» **ACTIVITY**:
No pictures belong in the copy. Set down exactly the lines from the one that contains "vidaXL Salkomallinen tekoinen" through the end of the data.

*** Opening of MATERIAL TO PROCESS ***

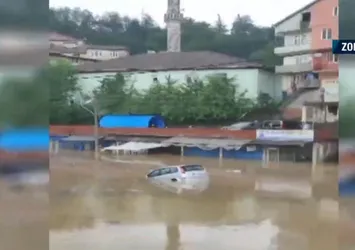 Zonguldak'ta sağanak sonrası sel
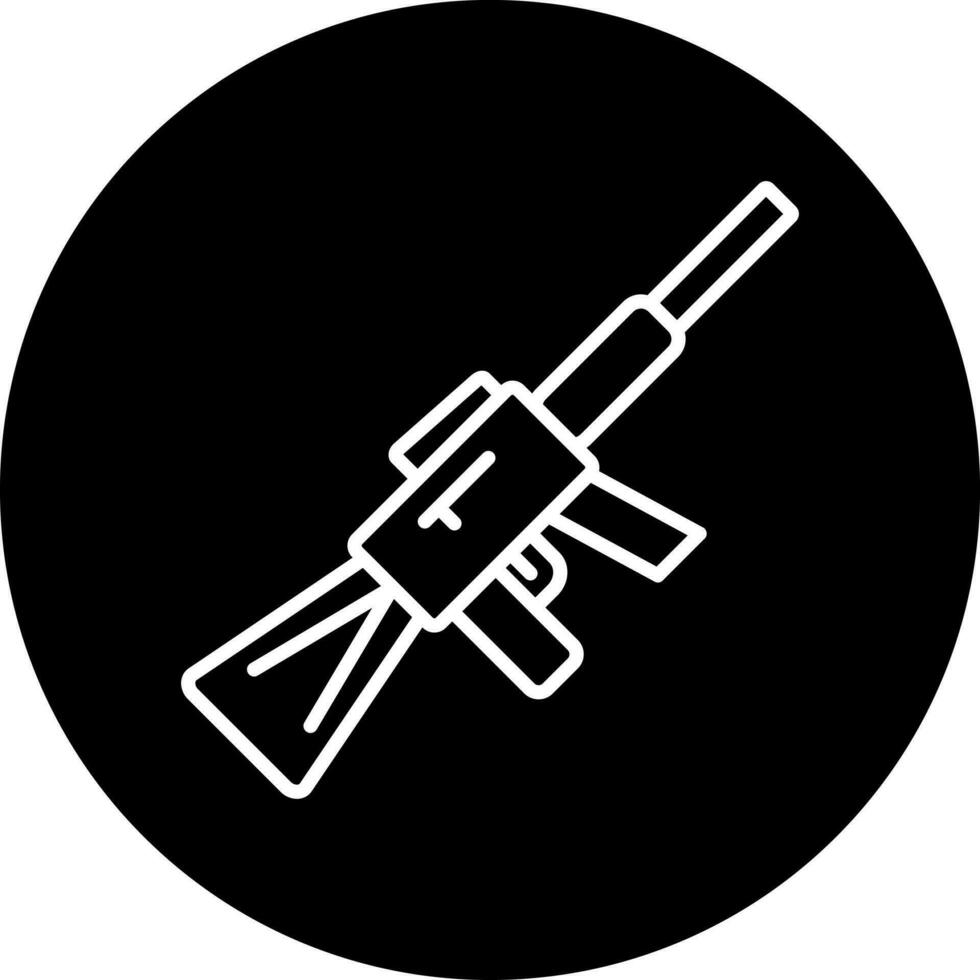 rifle vector icono estilo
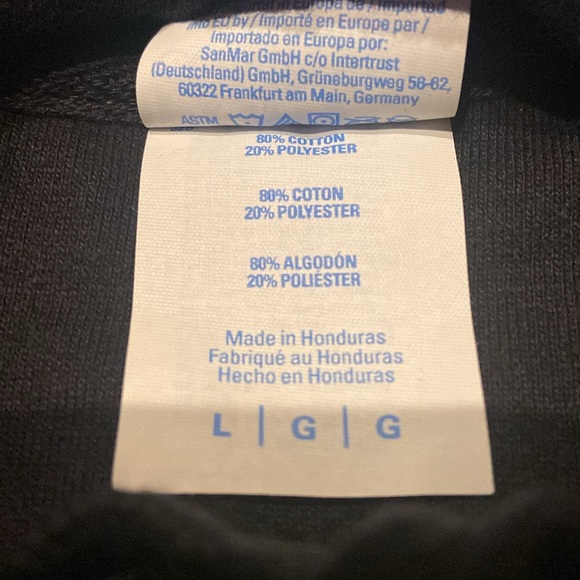 MY SISTER IS A GOLDEN DOODLE Size L Black Hoodie - Picture 7 of 7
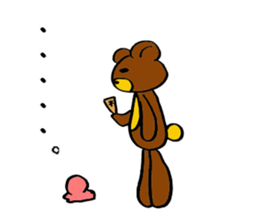 Hot pudding bear sticker #7484883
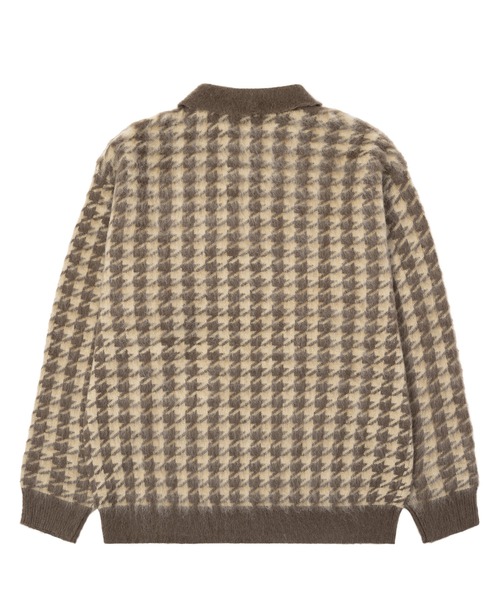 「HUF」 長袖ポロシャツ SMALL オートミール メンズ_画像5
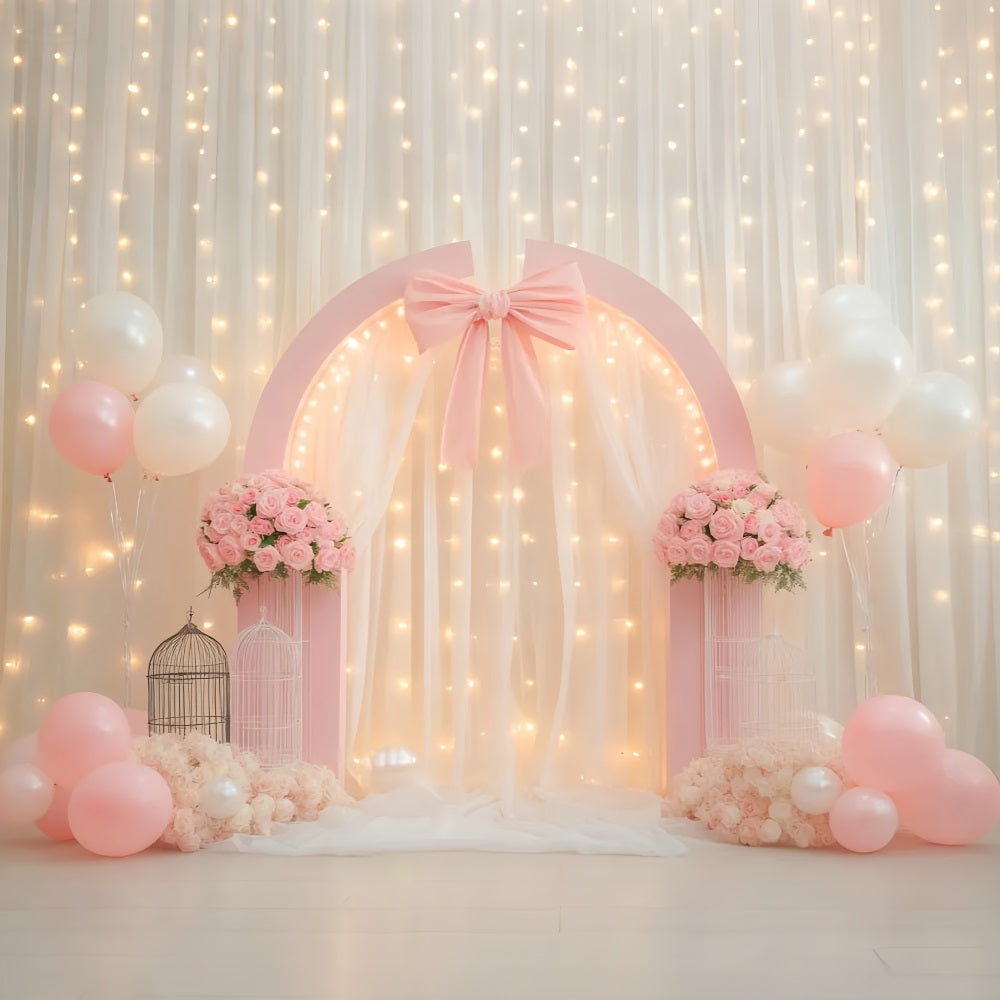 Bow Backdrop Rose Arch Light Elegance Wedding Backdrop UK LXX510-145
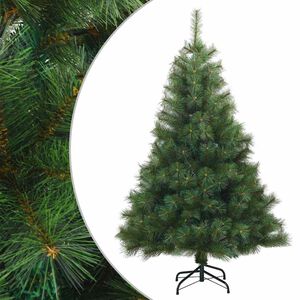 vidaXL Salkomallinen tekoinen joulukuusi Vihre&auml; 120 cm PVC, ter&auml;s
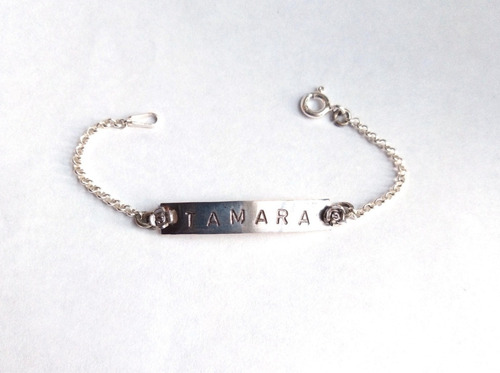 Pulsera En Plata Con Nombre.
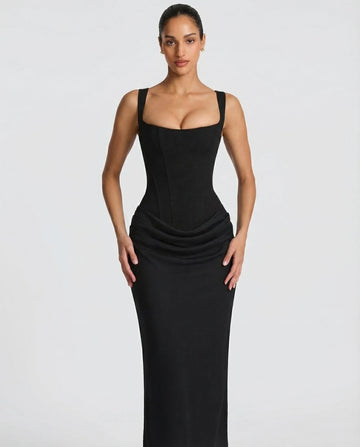 OLIVIA | Maxi w kształcie klepsydry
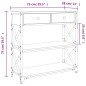 Mesa consola 75x28x75 cm derivados de madeira cinzento sonoma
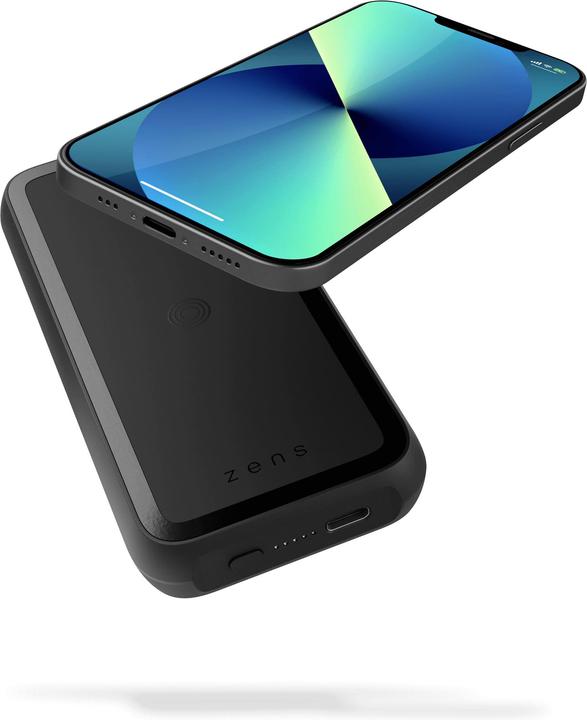 Actual product image Zens Powerbank Series Magnetic Single with Kickstand Magsafe 10000mAh (10000 mAh, 37 Wh)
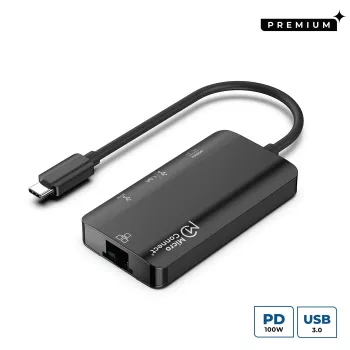 Microconnect USB3.1CCOM16 Dock/Replicador de portas para portátil com fios USB 3.2 Gen 1 (3.1 Gen 1) Type-C cinzento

*** Close of MATERIAL TO PROCESS ***

» **ANSWER TO THIS EXERCISE**:
 vidaXL Salkomallinen tekoinen joulukuusi Vihre&auml; 120 cm PVC, ter&auml;s
 Pulsera En Plata Con Nombre.
 OLIVIA | Maxi w kształcie klepsydry
 Mesa consola 75x28x75 cm derivados de madeira cinzento sonoma
 Actual product image Zens Powerbank Series Magnetic Single with Kickstand Magsafe 10000mAh (10000 mAh, 37 Wh)
 Microconnect USB3.1CCOM16 Dock/Replicador de portas para portátil com fios USB 3.2 Gen 1 (3.1 Gen 1) Type-C cinzento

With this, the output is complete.